Before discarding any feature, lets run the model once and see how it performs.So, we split the training data into test and training set
from sklearn.model_selection import train_test_split

In [None]:
#define X
X = train_df.drop(columns=['User_ID','Product_ID','Purchase'],axis=1)

In [None]:
#define y
y = train_df["Purchase"]

In [None]:
#split training data into training set and test set
X_train, X_test, y_train, y_test = train_test_split(X, y, test_size=0.2)

In [None]:
#use random forest regressor
from sklearn.ensemble import RandomForestRegressor
RF = RandomForestRegressor(max_depth=5, min_samples_leaf=100)

In [None]:
#fit the model
RF.fit(X_train,y_train)

In [None]:
#predict on X test
y_test_pred = RF.predict(X_test)

In [None]:
#get the mean squared error
from sklearn import metrics
import math
mse = metrics.mean_squared_error(y_test, y_test_pred)
rmse = math.sqrt(mse)
print(rmse)

Method 1 for finding useful features: Using Correlation between the features and the target value
<br> Can we improve it more by using features that are more relevalt?
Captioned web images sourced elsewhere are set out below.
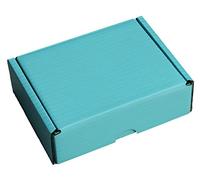 MEG4TEC 50 Pack Shipping Coloured Boxes - Corrugated Cardboard Small Parcel Box for Posting Packing Mailing (7 x 5.5 x 2 Inch (17cm x 14cm x 5cm), Blue)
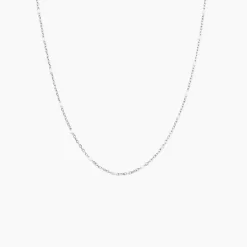 Collier Molly Argent Blanc
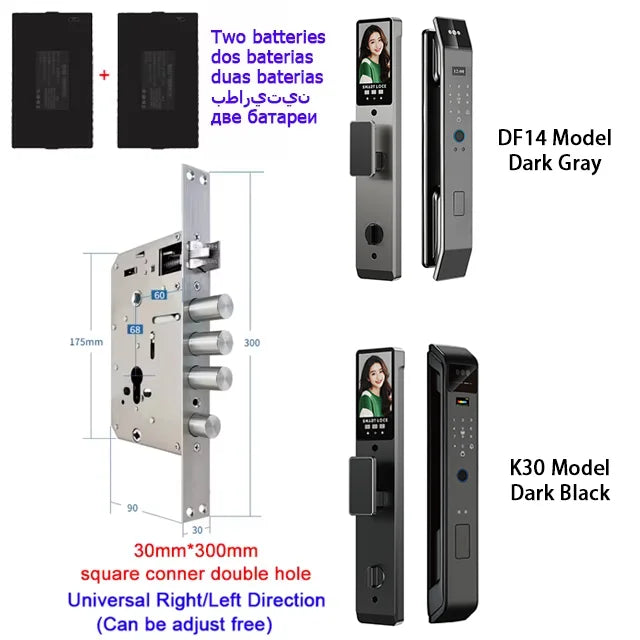 YKESDL Smart Door Lock With 3D Face Recognition And Camera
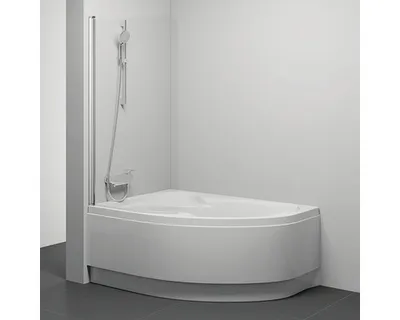 Immagine prodotto di Schermo per vasca da bagno RAVAK CVSK1 ROSA 140/150 L satinato+trasparente 7QLM0U00Y1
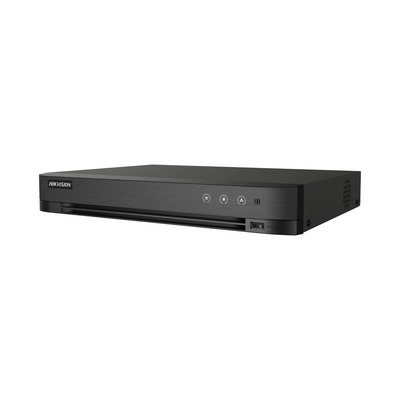 DVR RACK 1U ACUSENSE 4 CANALES / H.265 Pro+ / FACE RECOGNITION 2–CH / PERIMETER 4–CH / IP VIDEO 4–8 CH - iDS-7204HUHI-M1/XT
Let's find out by finding out the correlation of features with the target column

In [None]:
#finding the correlation of all features against the target
corr = train_df[train_df.columns[1:]].corr()['Purchase'][:]

In [None]:
corr.to_csv(r'E:\Data hackatons\AV black friday sales\corr_purchase.csv')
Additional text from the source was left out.